YOUR TASK: Pull out of the data below the stretch of lines bounded by the one containing "New 2026 Chevrolet" and the one containing "2020 Chevrolet Silverado 1500 LT photo 1", both bounds included, unchanged.

DATA SUPPLIED:

================================

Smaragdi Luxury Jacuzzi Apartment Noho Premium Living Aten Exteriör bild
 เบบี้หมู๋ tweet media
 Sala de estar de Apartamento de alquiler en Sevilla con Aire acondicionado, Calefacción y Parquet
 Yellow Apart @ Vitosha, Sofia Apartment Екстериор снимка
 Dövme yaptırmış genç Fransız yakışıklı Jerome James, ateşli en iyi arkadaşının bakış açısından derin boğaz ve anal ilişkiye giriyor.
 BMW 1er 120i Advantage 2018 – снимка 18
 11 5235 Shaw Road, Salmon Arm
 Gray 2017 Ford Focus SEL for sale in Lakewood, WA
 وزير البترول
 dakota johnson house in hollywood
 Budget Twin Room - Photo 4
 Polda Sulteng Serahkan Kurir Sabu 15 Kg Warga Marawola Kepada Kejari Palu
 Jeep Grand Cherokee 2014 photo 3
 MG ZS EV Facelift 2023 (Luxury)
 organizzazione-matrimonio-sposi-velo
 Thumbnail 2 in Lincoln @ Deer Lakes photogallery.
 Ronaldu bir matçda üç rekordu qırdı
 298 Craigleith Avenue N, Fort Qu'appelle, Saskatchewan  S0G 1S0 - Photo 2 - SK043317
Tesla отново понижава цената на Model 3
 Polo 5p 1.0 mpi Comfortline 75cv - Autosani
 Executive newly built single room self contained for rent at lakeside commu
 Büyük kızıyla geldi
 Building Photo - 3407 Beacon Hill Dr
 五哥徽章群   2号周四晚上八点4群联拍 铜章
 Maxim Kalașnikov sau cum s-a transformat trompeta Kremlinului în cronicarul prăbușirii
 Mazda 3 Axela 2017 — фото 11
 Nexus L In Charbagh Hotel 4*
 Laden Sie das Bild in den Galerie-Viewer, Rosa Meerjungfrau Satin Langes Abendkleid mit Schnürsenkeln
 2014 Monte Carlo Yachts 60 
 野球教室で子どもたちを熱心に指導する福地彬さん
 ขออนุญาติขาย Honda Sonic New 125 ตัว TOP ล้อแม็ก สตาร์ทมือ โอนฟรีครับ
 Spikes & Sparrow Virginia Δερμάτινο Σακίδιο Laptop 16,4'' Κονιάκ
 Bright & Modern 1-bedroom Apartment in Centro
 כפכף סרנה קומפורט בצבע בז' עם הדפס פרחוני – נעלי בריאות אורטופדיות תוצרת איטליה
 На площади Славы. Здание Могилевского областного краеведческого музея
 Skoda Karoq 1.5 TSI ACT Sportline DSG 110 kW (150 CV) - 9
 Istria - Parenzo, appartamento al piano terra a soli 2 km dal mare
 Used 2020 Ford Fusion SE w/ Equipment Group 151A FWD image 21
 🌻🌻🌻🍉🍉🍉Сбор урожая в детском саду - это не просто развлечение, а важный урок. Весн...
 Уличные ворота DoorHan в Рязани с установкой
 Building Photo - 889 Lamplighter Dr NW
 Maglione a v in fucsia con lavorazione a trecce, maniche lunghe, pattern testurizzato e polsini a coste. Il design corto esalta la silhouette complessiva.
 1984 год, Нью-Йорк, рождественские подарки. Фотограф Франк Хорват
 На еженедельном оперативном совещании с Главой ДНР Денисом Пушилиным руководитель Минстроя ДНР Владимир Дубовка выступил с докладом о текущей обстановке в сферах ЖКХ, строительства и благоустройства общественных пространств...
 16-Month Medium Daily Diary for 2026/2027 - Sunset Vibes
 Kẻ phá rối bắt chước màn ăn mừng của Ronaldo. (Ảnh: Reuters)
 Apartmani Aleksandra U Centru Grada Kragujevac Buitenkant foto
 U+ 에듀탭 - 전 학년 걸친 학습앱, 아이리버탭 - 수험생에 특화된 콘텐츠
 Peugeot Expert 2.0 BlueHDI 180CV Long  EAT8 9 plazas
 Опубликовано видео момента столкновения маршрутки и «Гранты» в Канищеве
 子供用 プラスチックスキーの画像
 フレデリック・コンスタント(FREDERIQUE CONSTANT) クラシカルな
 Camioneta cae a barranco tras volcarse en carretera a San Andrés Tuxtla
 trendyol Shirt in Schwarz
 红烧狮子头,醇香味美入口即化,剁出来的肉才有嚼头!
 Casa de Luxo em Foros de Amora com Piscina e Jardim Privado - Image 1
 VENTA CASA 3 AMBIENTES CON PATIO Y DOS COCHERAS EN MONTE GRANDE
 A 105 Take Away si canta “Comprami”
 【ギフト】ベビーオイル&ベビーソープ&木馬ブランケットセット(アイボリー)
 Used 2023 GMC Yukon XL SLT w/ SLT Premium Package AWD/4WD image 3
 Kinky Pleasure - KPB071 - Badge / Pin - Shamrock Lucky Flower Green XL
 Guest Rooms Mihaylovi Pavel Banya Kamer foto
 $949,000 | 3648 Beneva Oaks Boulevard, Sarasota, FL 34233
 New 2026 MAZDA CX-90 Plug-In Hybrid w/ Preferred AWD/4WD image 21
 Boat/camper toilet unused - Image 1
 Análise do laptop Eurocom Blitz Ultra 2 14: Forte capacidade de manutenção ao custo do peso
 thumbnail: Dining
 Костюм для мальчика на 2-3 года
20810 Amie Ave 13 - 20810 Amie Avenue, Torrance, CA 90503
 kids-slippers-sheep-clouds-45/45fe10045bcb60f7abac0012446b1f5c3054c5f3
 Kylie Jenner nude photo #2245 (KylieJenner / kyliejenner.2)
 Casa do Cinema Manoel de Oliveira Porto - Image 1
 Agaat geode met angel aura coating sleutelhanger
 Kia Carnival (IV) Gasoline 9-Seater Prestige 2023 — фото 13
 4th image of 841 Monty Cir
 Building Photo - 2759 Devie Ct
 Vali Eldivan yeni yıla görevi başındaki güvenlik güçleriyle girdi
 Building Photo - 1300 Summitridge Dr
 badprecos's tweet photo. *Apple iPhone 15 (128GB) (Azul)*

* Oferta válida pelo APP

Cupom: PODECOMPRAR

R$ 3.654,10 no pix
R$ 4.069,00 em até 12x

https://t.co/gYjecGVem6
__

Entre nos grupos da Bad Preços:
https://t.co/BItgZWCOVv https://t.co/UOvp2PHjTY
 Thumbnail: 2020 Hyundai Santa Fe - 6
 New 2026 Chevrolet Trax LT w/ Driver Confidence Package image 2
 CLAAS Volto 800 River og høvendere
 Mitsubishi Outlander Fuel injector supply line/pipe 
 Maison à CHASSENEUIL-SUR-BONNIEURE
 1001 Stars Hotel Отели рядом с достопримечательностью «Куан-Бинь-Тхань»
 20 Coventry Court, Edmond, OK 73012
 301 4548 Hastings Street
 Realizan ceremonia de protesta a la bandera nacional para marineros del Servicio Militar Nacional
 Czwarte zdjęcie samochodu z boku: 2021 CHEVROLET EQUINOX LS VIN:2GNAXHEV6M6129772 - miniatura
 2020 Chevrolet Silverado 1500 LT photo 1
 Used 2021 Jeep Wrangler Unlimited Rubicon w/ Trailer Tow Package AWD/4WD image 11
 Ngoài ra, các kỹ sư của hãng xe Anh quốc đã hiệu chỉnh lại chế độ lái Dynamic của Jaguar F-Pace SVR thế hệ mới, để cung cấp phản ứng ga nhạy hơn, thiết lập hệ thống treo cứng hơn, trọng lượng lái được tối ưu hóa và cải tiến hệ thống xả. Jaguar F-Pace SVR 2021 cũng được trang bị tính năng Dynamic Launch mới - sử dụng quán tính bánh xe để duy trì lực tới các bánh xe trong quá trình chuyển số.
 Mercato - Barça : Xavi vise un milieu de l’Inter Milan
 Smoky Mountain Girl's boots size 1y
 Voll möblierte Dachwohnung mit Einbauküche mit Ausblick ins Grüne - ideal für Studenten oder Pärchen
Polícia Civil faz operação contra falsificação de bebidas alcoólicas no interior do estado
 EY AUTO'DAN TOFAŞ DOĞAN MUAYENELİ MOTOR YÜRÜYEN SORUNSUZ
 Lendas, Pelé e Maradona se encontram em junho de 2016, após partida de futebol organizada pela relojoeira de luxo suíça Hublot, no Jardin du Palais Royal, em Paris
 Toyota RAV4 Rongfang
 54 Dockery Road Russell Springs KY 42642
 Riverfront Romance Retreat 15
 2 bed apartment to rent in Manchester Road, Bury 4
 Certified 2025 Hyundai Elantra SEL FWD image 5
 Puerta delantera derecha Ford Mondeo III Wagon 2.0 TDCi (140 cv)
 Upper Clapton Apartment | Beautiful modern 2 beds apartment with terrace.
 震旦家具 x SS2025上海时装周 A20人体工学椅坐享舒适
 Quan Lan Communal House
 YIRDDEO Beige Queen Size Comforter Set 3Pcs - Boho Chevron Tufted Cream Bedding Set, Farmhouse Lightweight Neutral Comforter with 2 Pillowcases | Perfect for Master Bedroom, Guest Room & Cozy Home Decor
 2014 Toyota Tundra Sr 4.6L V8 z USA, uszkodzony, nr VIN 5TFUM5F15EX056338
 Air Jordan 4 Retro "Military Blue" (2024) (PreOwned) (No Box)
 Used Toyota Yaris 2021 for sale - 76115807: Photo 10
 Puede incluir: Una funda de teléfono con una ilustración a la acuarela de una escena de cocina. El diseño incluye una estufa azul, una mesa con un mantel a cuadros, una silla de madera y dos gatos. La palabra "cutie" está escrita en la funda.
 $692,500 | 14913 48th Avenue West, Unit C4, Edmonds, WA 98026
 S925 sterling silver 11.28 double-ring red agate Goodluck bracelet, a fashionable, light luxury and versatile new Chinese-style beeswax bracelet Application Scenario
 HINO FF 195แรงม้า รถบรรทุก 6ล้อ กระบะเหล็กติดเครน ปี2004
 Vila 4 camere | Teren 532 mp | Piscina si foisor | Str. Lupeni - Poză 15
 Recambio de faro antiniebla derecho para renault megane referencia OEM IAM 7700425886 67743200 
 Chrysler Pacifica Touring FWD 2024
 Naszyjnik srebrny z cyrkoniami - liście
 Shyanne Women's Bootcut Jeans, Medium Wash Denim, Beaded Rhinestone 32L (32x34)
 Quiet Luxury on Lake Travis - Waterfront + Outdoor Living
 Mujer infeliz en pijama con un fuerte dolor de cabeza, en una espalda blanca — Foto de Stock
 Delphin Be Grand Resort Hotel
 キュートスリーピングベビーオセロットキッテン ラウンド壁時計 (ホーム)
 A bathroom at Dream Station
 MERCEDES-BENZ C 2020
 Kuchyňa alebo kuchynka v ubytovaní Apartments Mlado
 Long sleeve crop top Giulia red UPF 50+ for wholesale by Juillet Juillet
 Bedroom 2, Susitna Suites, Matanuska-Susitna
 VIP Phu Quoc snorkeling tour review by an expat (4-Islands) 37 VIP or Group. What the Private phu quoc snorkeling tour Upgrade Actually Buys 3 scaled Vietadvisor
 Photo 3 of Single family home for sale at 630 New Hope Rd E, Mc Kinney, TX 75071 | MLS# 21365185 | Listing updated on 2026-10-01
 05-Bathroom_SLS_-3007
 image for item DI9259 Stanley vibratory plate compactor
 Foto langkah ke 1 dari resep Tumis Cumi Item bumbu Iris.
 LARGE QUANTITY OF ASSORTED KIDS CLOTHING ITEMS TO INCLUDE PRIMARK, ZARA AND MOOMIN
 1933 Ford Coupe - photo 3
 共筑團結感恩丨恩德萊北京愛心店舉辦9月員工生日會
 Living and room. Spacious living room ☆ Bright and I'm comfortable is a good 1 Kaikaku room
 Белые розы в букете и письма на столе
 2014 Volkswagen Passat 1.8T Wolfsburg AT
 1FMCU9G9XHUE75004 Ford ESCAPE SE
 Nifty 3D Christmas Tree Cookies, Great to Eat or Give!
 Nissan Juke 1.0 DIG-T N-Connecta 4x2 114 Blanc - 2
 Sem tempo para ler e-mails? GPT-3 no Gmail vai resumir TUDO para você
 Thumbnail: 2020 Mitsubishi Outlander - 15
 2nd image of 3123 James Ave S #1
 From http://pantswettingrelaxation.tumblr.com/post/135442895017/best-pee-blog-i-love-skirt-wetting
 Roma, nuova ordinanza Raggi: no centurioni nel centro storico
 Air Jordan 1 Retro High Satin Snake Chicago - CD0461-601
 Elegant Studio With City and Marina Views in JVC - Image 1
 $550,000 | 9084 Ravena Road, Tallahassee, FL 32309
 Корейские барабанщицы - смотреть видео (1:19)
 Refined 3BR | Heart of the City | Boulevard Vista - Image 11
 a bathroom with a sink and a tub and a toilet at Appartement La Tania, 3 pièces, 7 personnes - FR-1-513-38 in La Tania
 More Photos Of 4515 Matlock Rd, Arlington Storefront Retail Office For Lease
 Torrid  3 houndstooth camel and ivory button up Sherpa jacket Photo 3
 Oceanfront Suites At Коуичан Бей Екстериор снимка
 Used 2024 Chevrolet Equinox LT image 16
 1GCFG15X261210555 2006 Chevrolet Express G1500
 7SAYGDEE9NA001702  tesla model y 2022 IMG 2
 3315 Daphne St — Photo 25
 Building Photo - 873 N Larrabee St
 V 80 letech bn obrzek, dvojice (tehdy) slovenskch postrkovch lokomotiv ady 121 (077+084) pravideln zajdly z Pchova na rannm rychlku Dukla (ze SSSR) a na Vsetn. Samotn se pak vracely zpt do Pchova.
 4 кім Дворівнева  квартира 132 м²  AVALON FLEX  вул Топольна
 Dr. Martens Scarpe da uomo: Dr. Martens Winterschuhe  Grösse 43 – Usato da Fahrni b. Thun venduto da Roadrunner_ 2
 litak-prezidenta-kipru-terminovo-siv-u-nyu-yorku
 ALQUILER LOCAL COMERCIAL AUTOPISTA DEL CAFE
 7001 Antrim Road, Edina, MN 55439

================================

SOLVED PROBLEM:
 New 2026 Chevrolet Trax LT w/ Driver Confidence Package image 2
 CLAAS Volto 800 River og høvendere
 Mitsubishi Outlander Fuel injector supply line/pipe 
 Maison à CHASSENEUIL-SUR-BONNIEURE
 1001 Stars Hotel Отели рядом с достопримечательностью «Куан-Бинь-Тхань»
 20 Coventry Court, Edmond, OK 73012
 301 4548 Hastings Street
 Realizan ceremonia de protesta a la bandera nacional para marineros del Servicio Militar Nacional
 Czwarte zdjęcie samochodu z boku: 2021 CHEVROLET EQUINOX LS VIN:2GNAXHEV6M6129772 - miniatura
 2020 Chevrolet Silverado 1500 LT photo 1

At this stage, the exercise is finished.